I’ve been using spamsieve for quite sometime and to my knowledge everything is setup correctly. It’s never been an issue previously.

Should I send my recent log file or wait until some false negatives are saved? <Edit - I emailed the log to the false negatives address>

Here’s an example from my log of something that is way out to lunch

Why it was marked as good is beyond me…

"

Predicted: Good (17)
Subject: The World Most Effective PenisLonger Pill Is Now Available! i1uxhe40u7bh5qpl
From: “Patrice Davidson” <patricedavidson_zg@minmail.net>
Identifier: QYoZFCGbB0dpzZt96gqCOA==
Reason: P(spam)=0.000[0.290], bias=0.000, F:Davidson(0.998), herbalist(0.002), S:Available!(0.002), bysex(0.002), all-night(0.002), thepenis(0.002), smalldick(0.002), S:Effective(0.995), S:World(0.096), throbbing(0.138), CT:iso-8859-2(0.791), S:Most(0.761), fuller(0.242), S:Now(0.258), endorsed(0.267)
Date: 2008-02-22 14:16:35 +0100

"

awy · March 5, 2008, 5:00pm

PS…

what’s this mean? does this mean the email somehow is adding things automatically to my whitelist? I certainly didn’t tell it that this was “good” email…

=====================================================================
Trained: Good (Auto)
Subject: nelapdni
Identifier: i5F1ZujULablJgI4LU81gQ==
Actions: added rule <From (address) Is Equal to “_nelli@autocombenelux.nl”> to SpamSieve whitelist, added rule <From (name) Is Equal to “CD Geshev”> to SpamSieve whitelist, added to Good corpus (2226)
Date: 2008-02-22 14:16:35 +0100

Michael_Tsai · March 5, 2008, 8:06pm

Thanks.

It looks like a previous message with similar content was auto-trained as good, and you didn’t correct SpamSieve by training it as spam (or, more likely, you did correct it, but not until after the second message had been classified).
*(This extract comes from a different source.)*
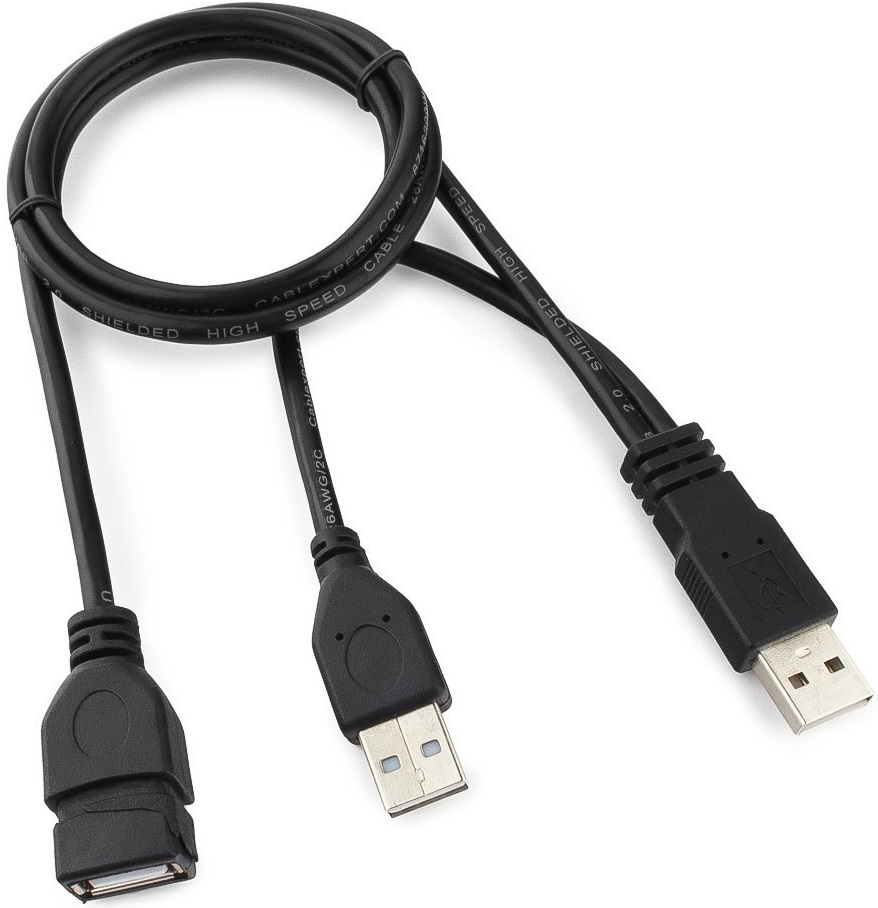 Кабель USB 2.0 Am - Af удлинительный 0.9m (CCP-USB22-AMAF-3, дополнительный разъём USB для подключения внешнего источника питания, пакет, black) Cablexpert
When SpamSieve thinks that a message is good, it automatically adds the sender to the whitelist. In this case, it though the message contents were interesting, so it also added the message to the corpus. If it turns out that SpamSieve was wrong, and the message was spam, then when you train the message as spam, SpamSieve will undo all of this.

Looking at the log, one problem seems to be that there is a long delay (6 hours in the first case I saw) between when SpamSieve classified a spam message as good and when you corrected it. Due to the auto-training, for those 6 hours SpamSieve was working from incorrect information. This feeds back into more mistakes and more troublesome auto-training. If you cannot correct SpamSieve’s mistakes promptly, you should turn off auto-training.

Another problem is that until a few days ago you were using a version of SpamSieve from last April. Because of this and because SpamSieve’s corpus is rather old and large, it would probably help to reset the corpus and re-train SpamSieve with a smaller number of recent messages.

awy · March 6, 2008, 3:10am

Thanks for the info.

Any tips for retraining?

It will take a lot of hard work to be extremely selective of my “good” messages I think. I’m assuming it won’t feed into great accuracy if I select only good messages from a specific group of colleagues or something (?).

PS - the time delay you speak of,
I’m not sure what would cause that. The only thing I can think of is sometimes mail is recieving things when I’m in a meeting or otherwise preoccupied. What’s the best approach, just closing my mail program when i’m not actively watching it? And if so, is that my only option?

Michael_Tsai · March 6, 2008, 6:13am

I would try to make a smart mailbox of messages that aren’t in the Spam mailbox, sort it by date, and choose messages from there. Try to get a good mix of different types of mail, but don’t spend too much time on it.

The other option is to turn off “Auto-train with incoming mail” in SpamSieve’s preferences.

awy · March 6, 2008, 6:33am

Thanks a bunch for the useful tips, once again.

Working these kinks out will be helpful, but all in all, without spamsieve, my livelihood would be in serious trouble!